In the specific Malian context, marked by an on-going security crisis in which the country and its international partners are struggling to find lasting solutions, the health crisis is likely to divert international engagement from its initial mandate. With the absence or weak presence of the State in certain locations, those actors would confront an additional challenge for which authorities were not prepared.

Second, on the humanitarian level, the health crisis will exacerbate an already alarming humanitarian situation. Insecurity in the region has multiple humanitarian consequences.
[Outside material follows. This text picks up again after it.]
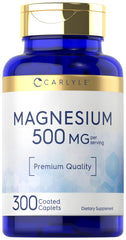 Carlyle Magnesium 500mg bottle - front label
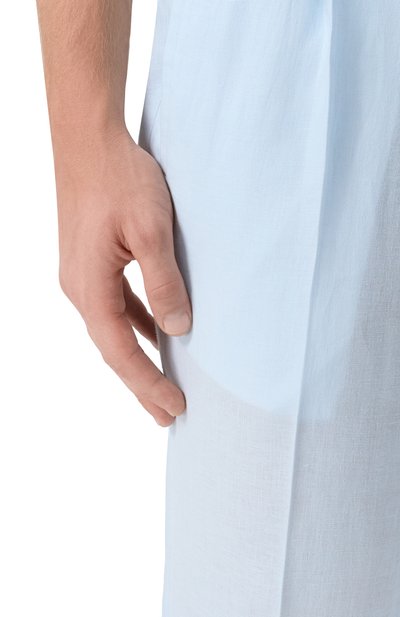 Льняные брюки KITON, арт. UPN01H0928602, фото 5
In addition to hundreds of closed schools and health centres, the Sahel region is in the grip of a deep food crisis. According to experts from the UN World Food Program, nearly 4.8 million people in the central Sahel will likely be victims of food insecurity during the hunger season (June through August 2020). In Mali, even if the UN Multidimensional Integrated Stabilization Mission in Mali (MINUSMA) already devotes a great deal of energy to protecting itself, it manages, thanks to its intervention force, to ensure certain actions including the facilitation of humanitarian assistance in some hard-to-reach places.

Finally, this health crisis offers an opportunity to include the actions of partners in a coordinated approach, based on complementarity. Faced with the multiple risks that will be felt at a specific level depending on the country, the measures already adopted by the states constitute a step in the right direction, but they are not sufficient. It is, therefore imperative to respond to the impact of the health crisis in the immediate future and in the long term. Efforts must be continued to help states move towards the renewal of governance models.


Baba Dakono, Lawyer, is Executive Secretary of the Amadou Hampaté BA Citizen Observatory on Governance and Security and researcher at the Sahel team of the Institute for Security Studies (ISS) regional office for West Africa, the Sahel and the Lake Chad Basin, both based in Bamako.